**WORK TO COMPLETE:**
From the line with "텐리 단가라 배색 스트라이프 버튼 후드 니트" to the line with "GULMOHAR JAIPUR Floral", output every line below exactly, both ends included. Skip the pictures.

**MATERIALS PROVIDED:**
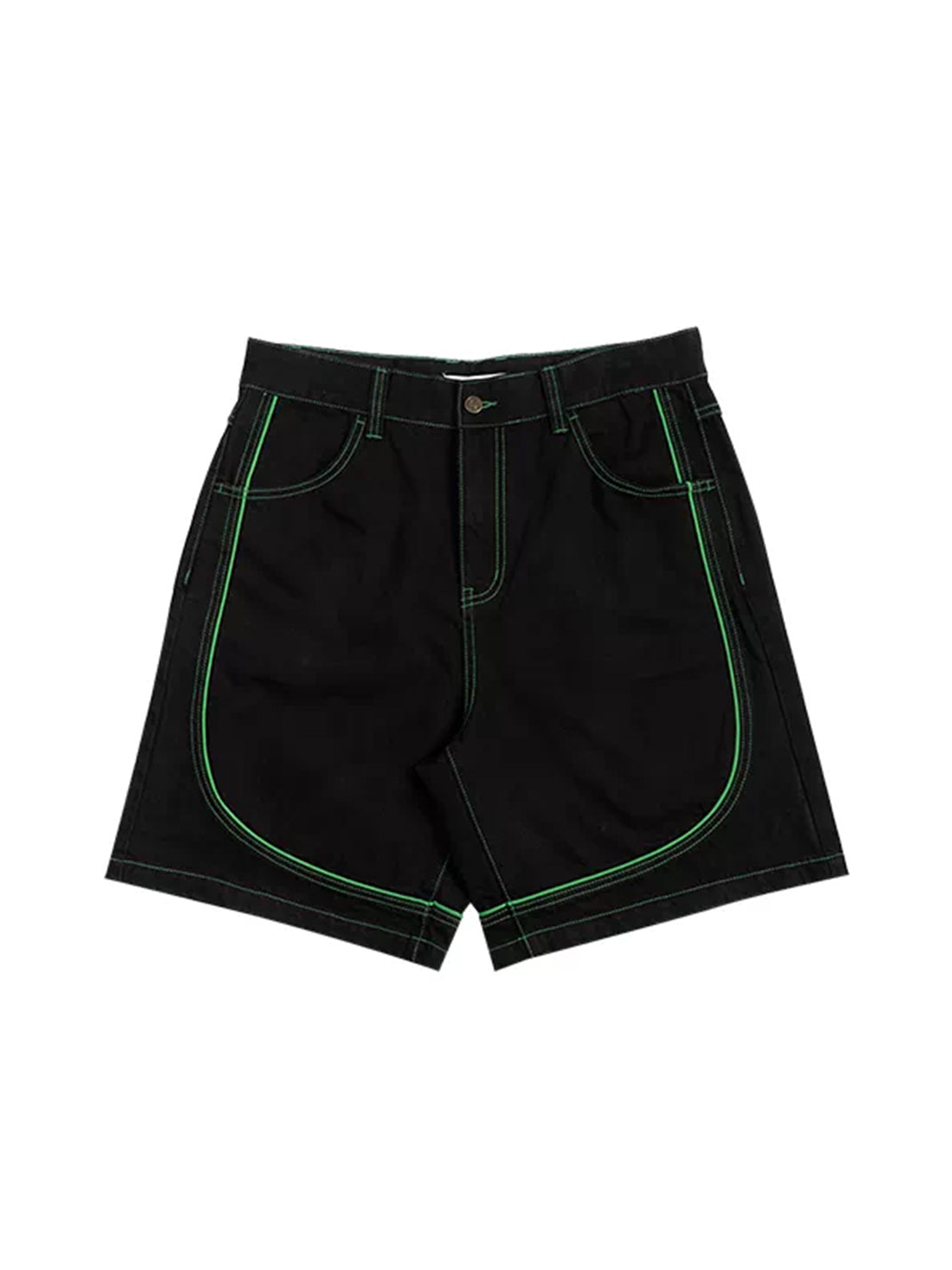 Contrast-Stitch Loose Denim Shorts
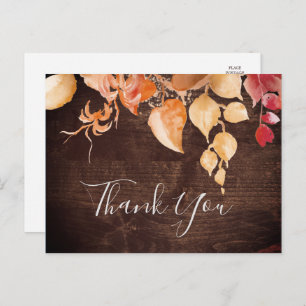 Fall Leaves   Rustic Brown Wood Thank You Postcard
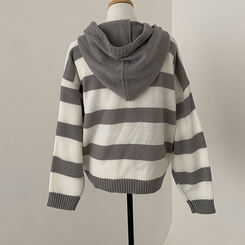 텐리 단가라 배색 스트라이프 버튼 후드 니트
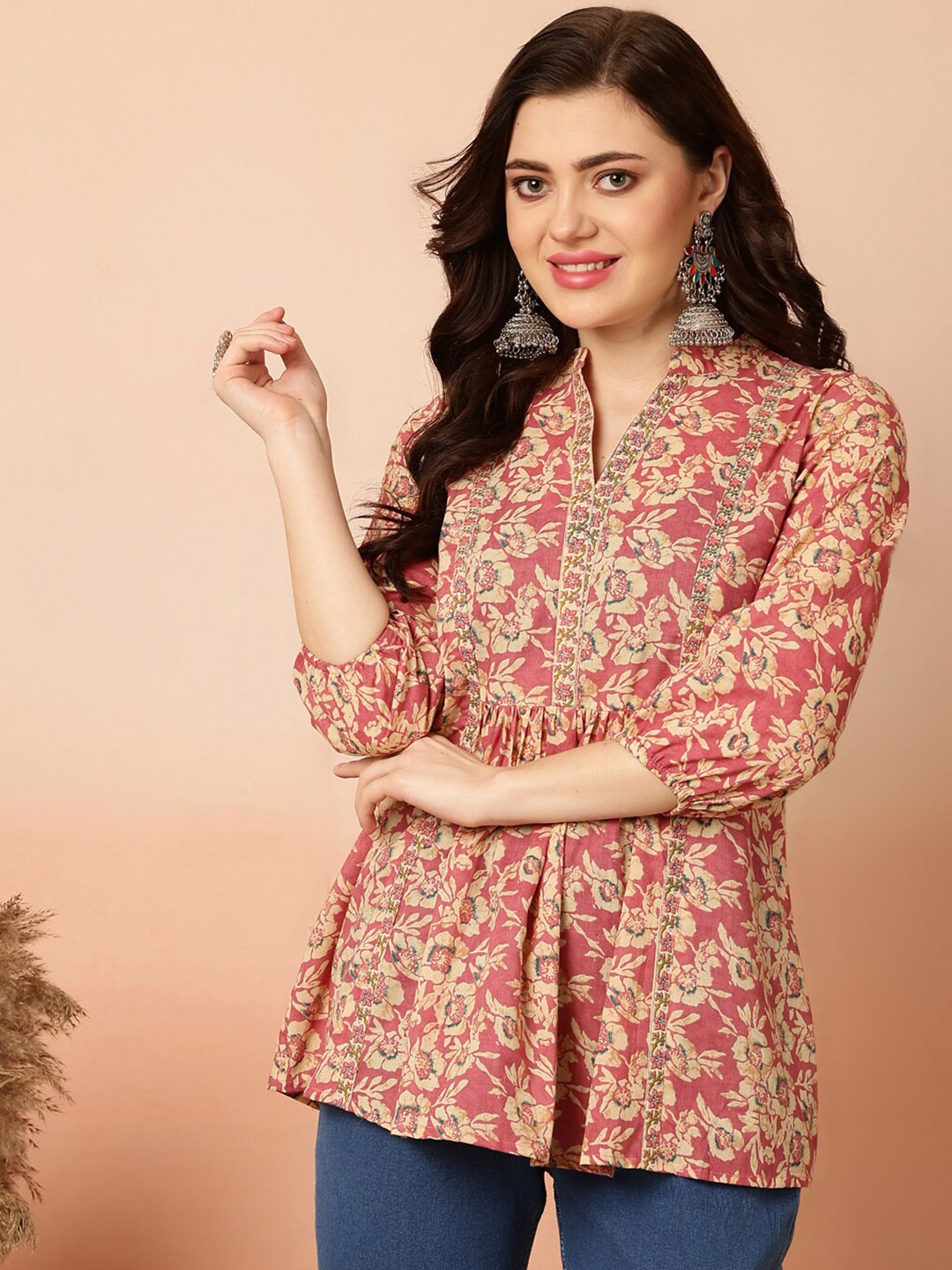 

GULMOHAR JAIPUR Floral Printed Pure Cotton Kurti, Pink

* * *

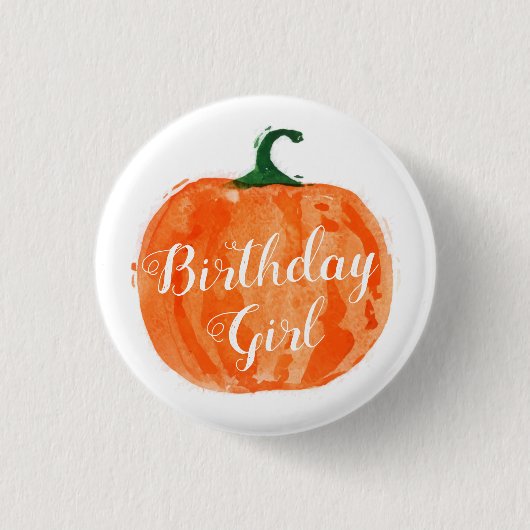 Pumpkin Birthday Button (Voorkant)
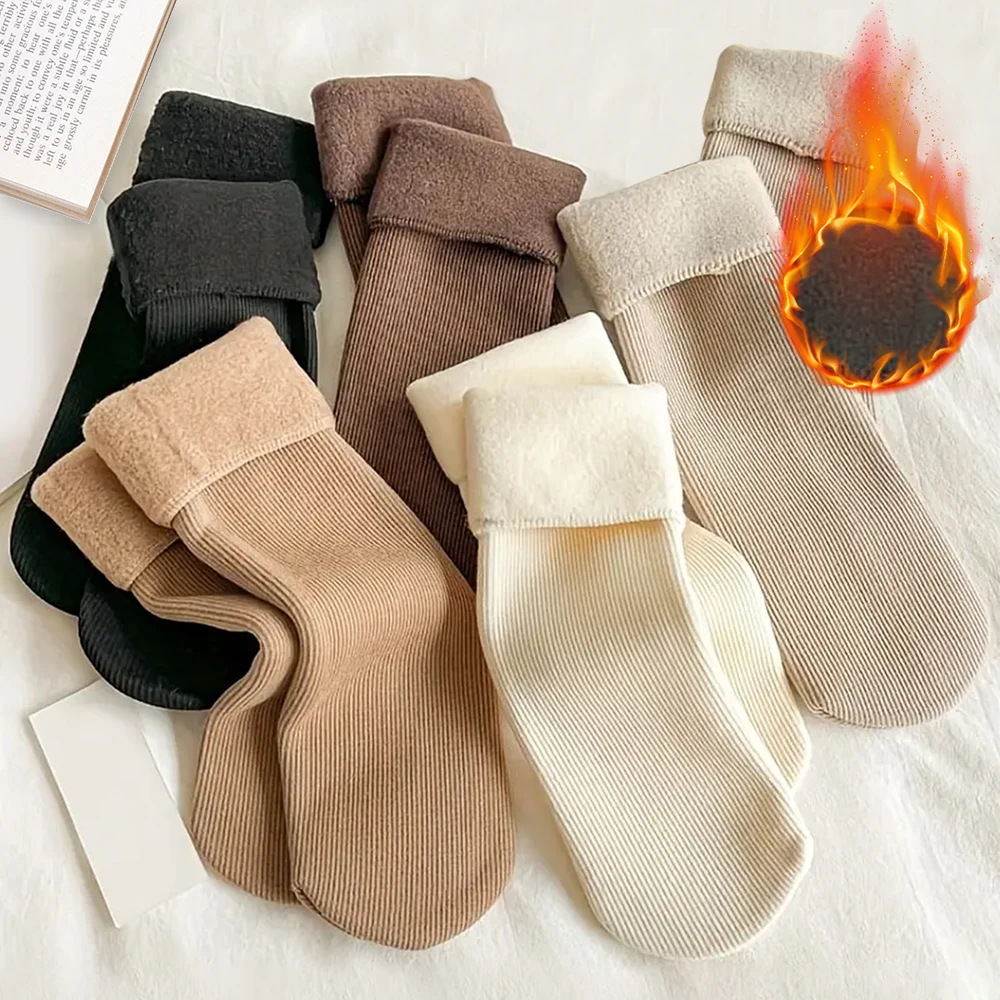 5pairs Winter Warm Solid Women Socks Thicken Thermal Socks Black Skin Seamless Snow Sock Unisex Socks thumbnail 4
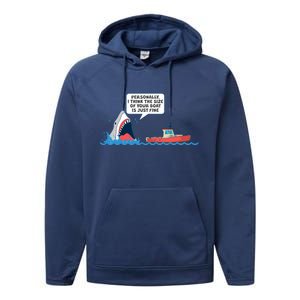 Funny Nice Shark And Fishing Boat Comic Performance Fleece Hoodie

**FINISHED TASK:**
 텐리 단가라 배색 스트라이프 버튼 후드 니트

GULMOHAR JAIPUR Floral Printed Pure Cotton Kurti, Pink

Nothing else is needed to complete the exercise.